**Caption-style text data**
***
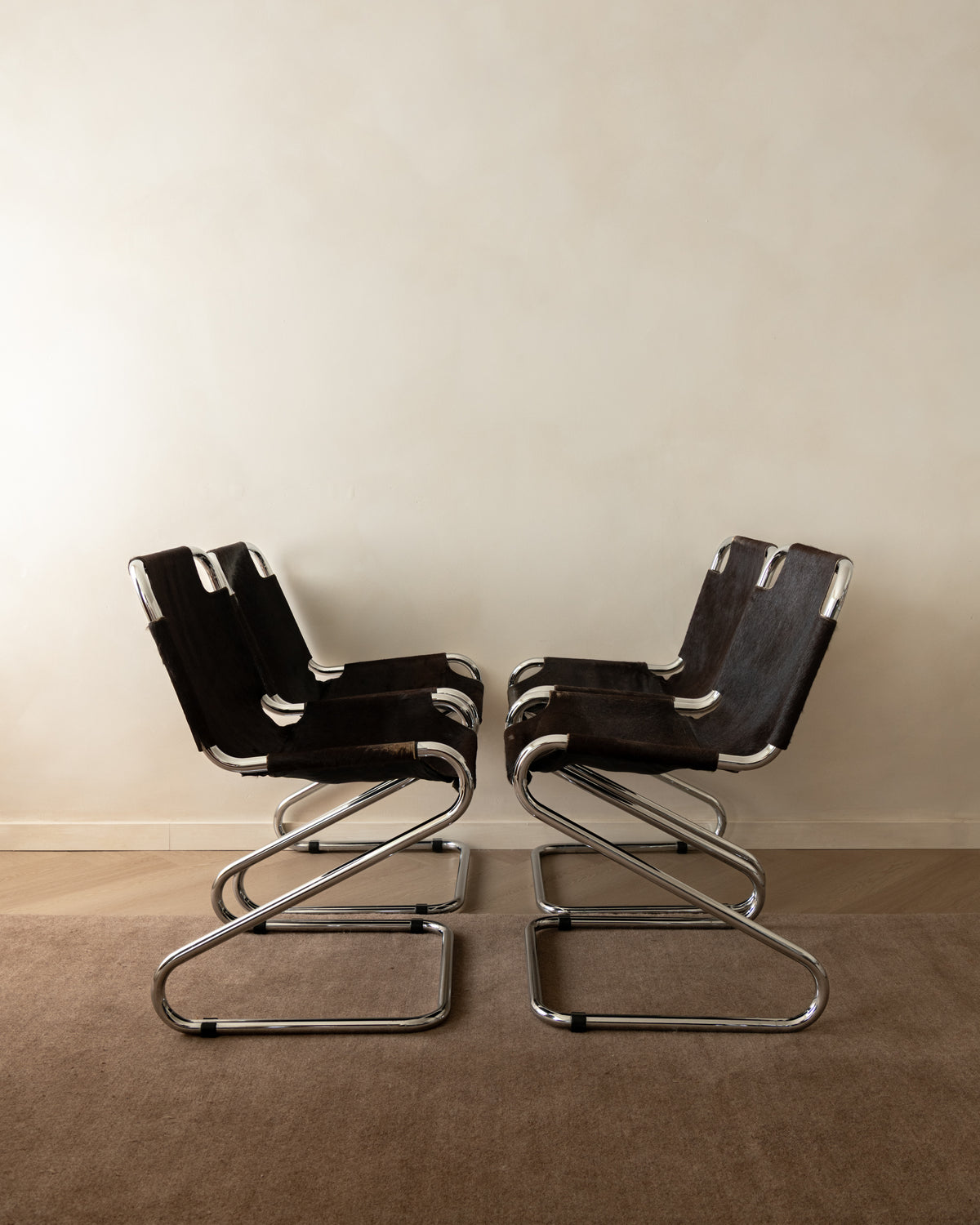 Italian Chrome and Cowhide Cantilever Dining Chairs, 1970s, Set of 4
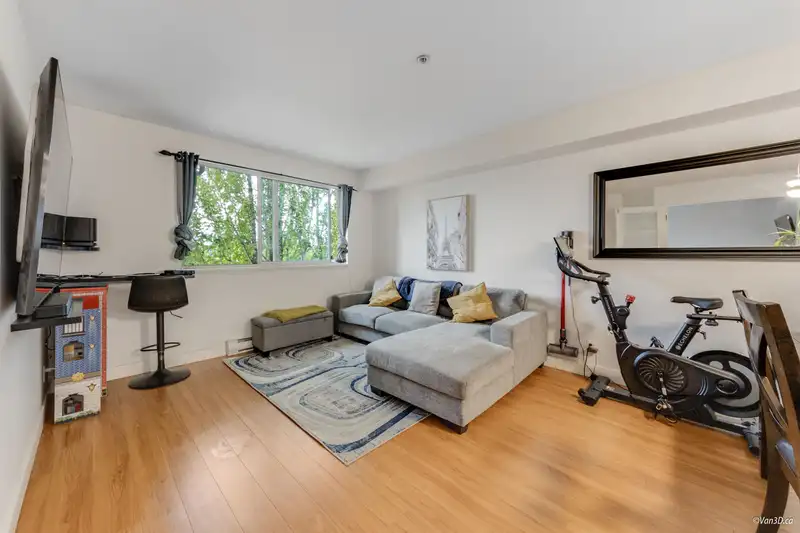 409 10533 UNIVERSITY DRIVE - photo 3 of 26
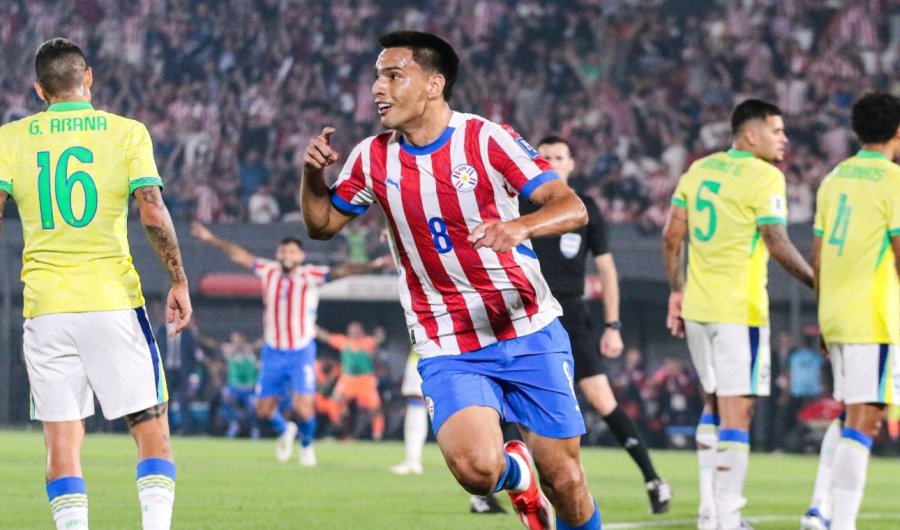 HEROE. Diego G&oacute;mez festeja su gol.
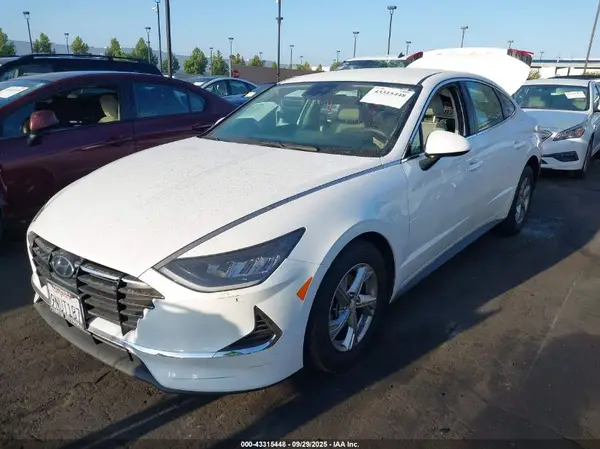 5NPEG4JA2MH102702 2021 HYUNDAI SONATA - Image 2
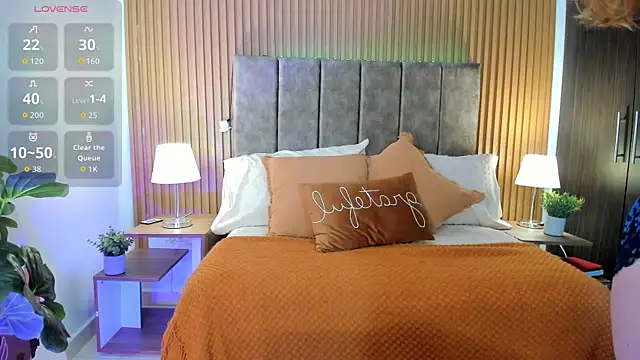 Snapshot of StacyWoods chatting on November 14, 2025, 5:00 pm StacyWoods online show from November 14, 2025, 5:00 pm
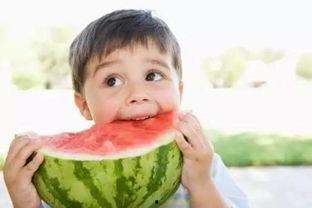 小衫吃瓜吃坏肚子  第1张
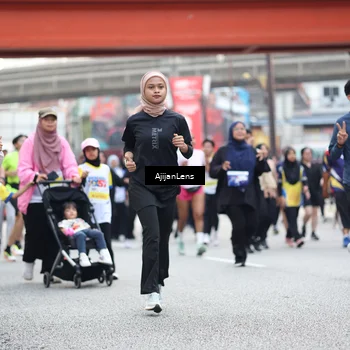 Runner Photo 4677090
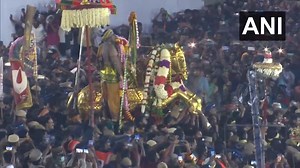 #WATCH | Tamil Nadu: A huge crowd of devotees witness Lord Kallazhagar's entry into the Vaigai River, as part of the Chithirai festival, in Madurai #TamilNadu #vaigaiRiver #ChithiraiFestival #News #TimesNow VC- ANI | TIMES NOW
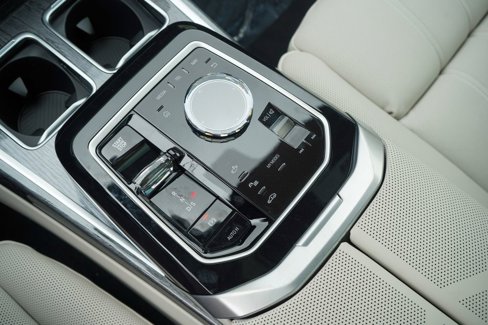 New 2026 BMW 740i w/ Premium Package image 19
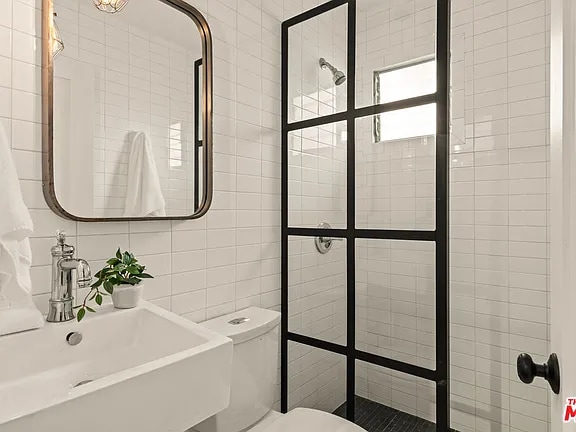 Building Photo - 3012 Bentley Ct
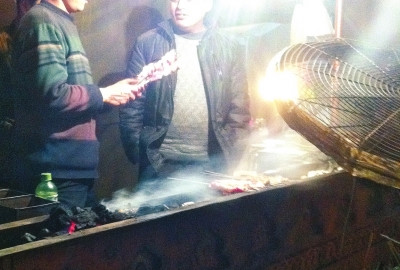 露天燒烤整夜煙熏火燎，路邊居民苦不堪言。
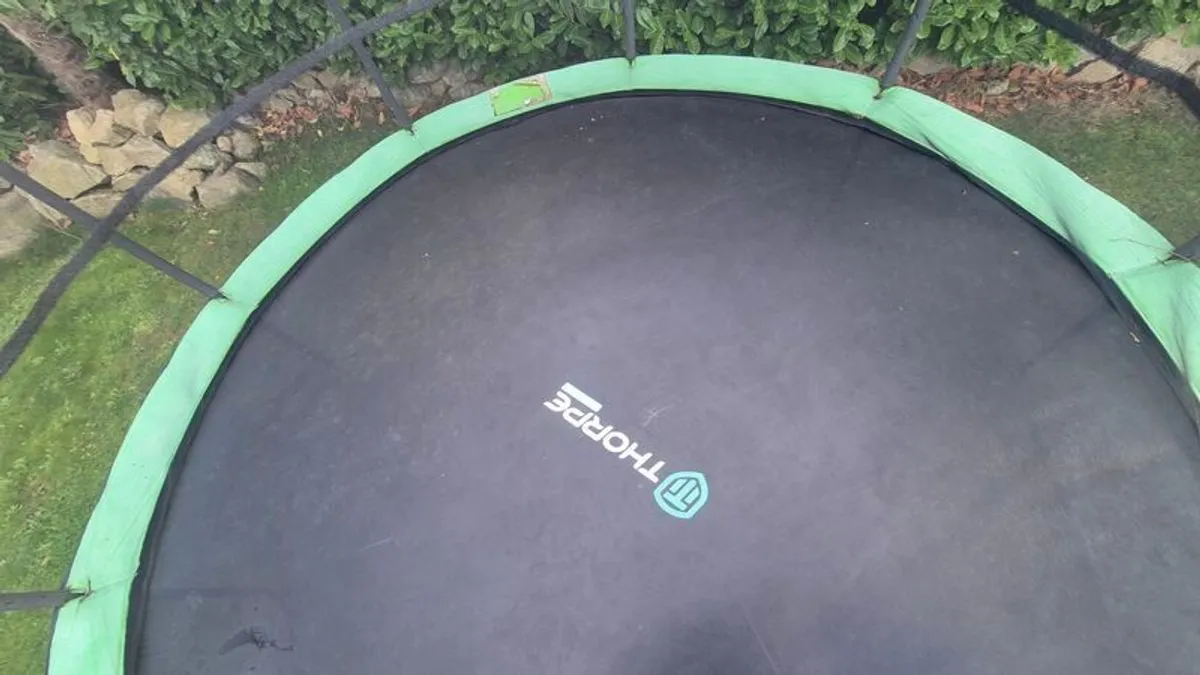 Thorpe Trampoline 12 ft - Image 3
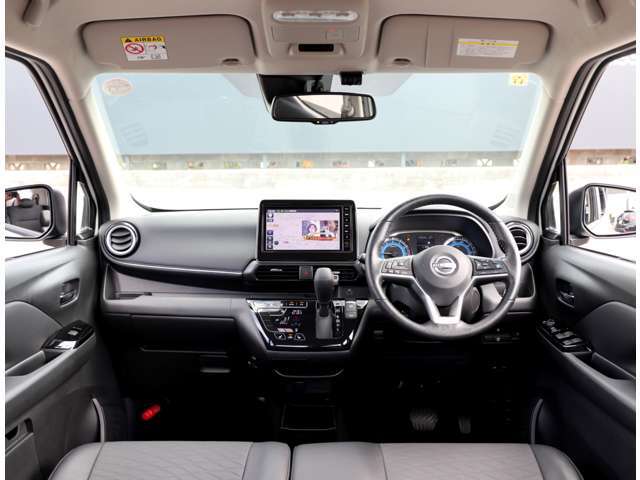 運転席からの視界が左右に広く隅々まではっきりと見えます！クルマの前端も把握しやすく安心です！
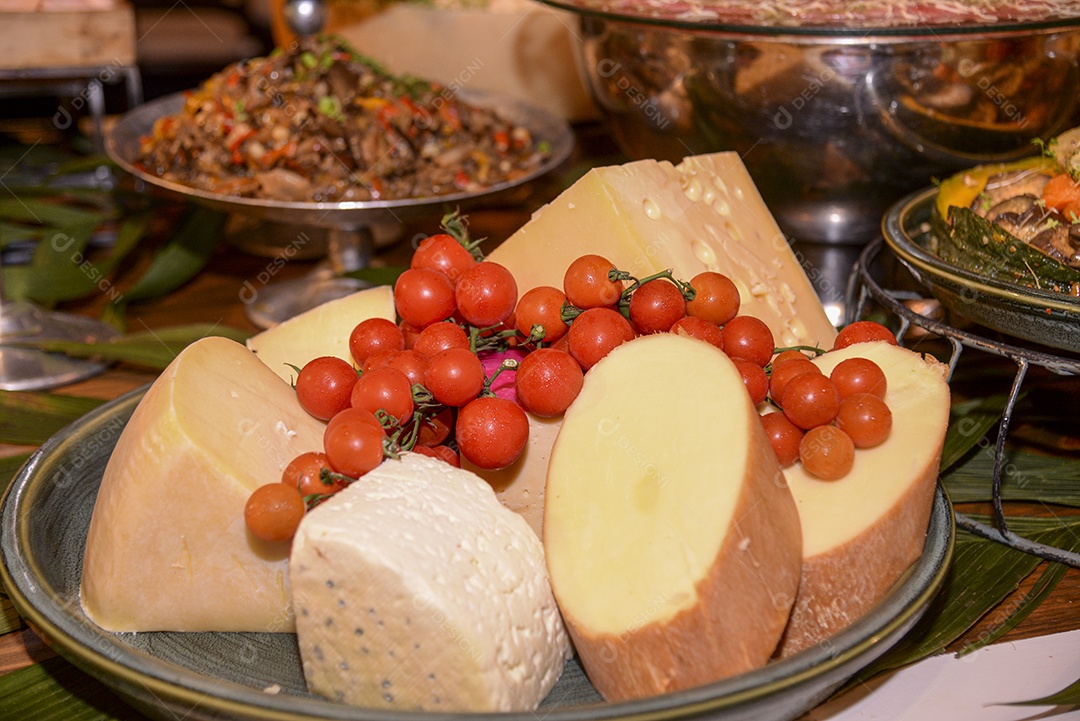 Arranjo de comida sobre uma mesa de restaurante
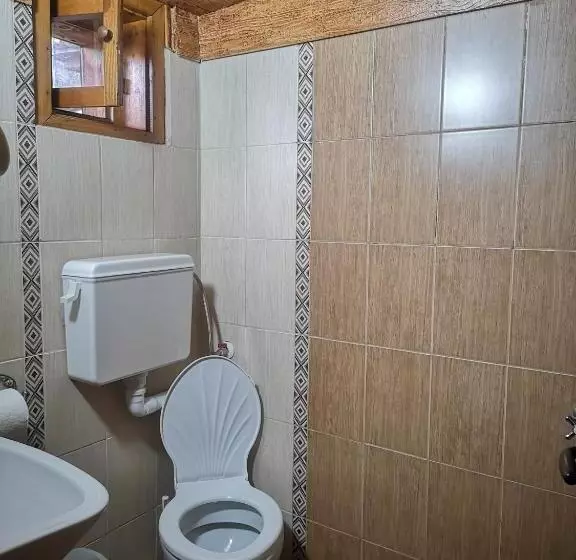 پانسیون Guest House Zlatniyat Telets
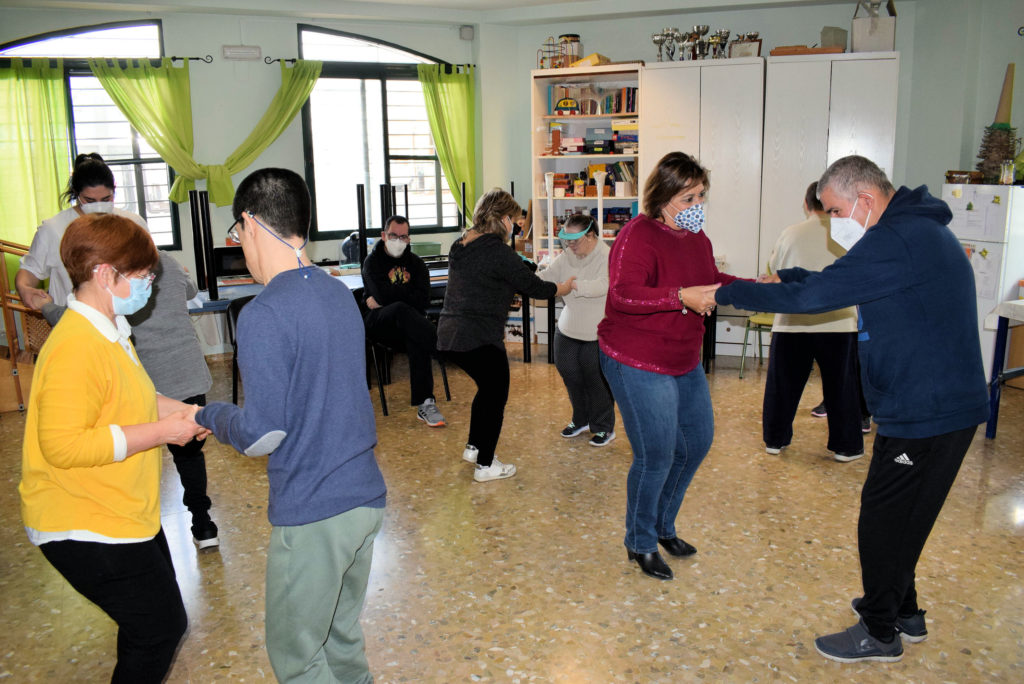 Usuarios del centro ocupacional participan en el taller de danza junto a la concejala de Diversidad Funcional 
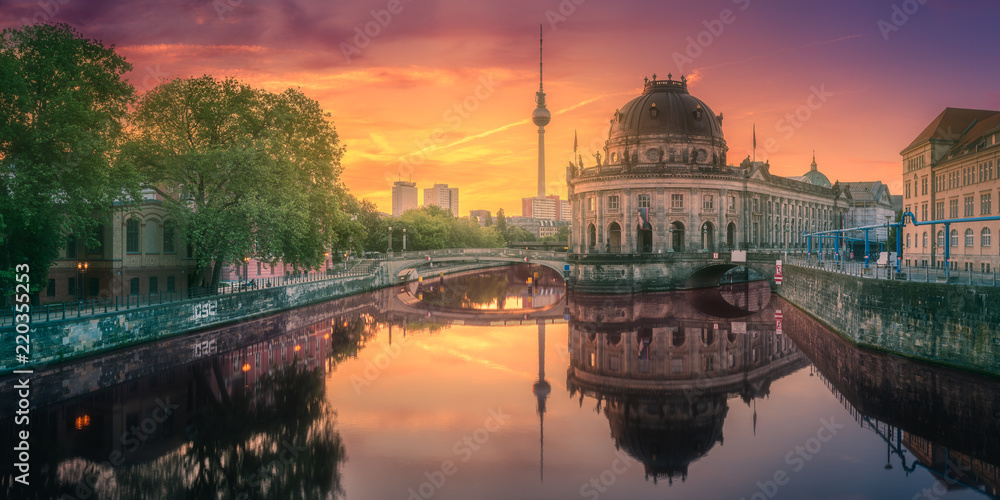 Fototapeta Muzealna wyspa na bomblowanie rzece Berlin, Niemcy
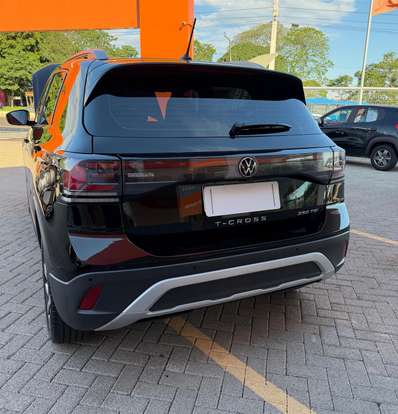 VOLKSWAGEN-T-CROSS-2024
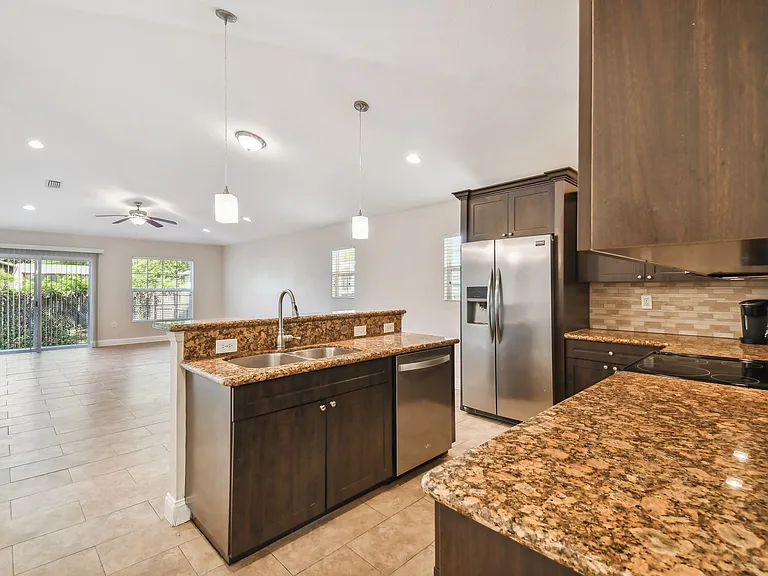 2321 W Beach St — Photo 7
***
**WHAT THIS TASK INVOLVES**
Print every entry exactly; omit the pictures.

**SOLUTION TO THIS TASK**
 Italian Chrome and Cowhide Cantilever Dining Chairs, 1970s, Set of 4
 409 10533 UNIVERSITY DRIVE - photo 3 of 26
 HEROE. Diego G&oacute;mez festeja su gol.
 5NPEG4JA2MH102702 2021 HYUNDAI SONATA - Image 2
 Snapshot of StacyWoods chatting on November 14, 2025, 5:00 pm StacyWoods online show from November 14, 2025, 5:00 pm
 小衫吃瓜吃坏肚子  第1张
 Runner Photo 4677090
 #WATCH | Tamil Nadu: A huge crowd of devotees witness Lord Kallazhagar's entry into the Vaigai River, as part of the Chithirai festival, in Madurai #TamilNadu #vaigaiRiver #ChithiraiFestival #News #TimesNow VC- ANI | TIMES NOW
 New 2026 BMW 740i w/ Premium Package image 19
 Building Photo - 3012 Bentley Ct
 露天燒烤整夜煙熏火燎，路邊居民苦不堪言。
 Thorpe Trampoline 12 ft - Image 3
 運転席からの視界が左右に広く隅々まではっきりと見えます！クルマの前端も把握しやすく安心です！
 Arranjo de comida sobre uma mesa de restaurante
 پانسیون Guest House Zlatniyat Telets
 Usuarios del centro ocupacional participan en el taller de danza junto a la concejala de Diversidad Funcional 
 Fototapeta Muzealna wyspa na bomblowanie rzece Berlin, Niemcy
 VOLKSWAGEN-T-CROSS-2024
 2321 W Beach St — Photo 7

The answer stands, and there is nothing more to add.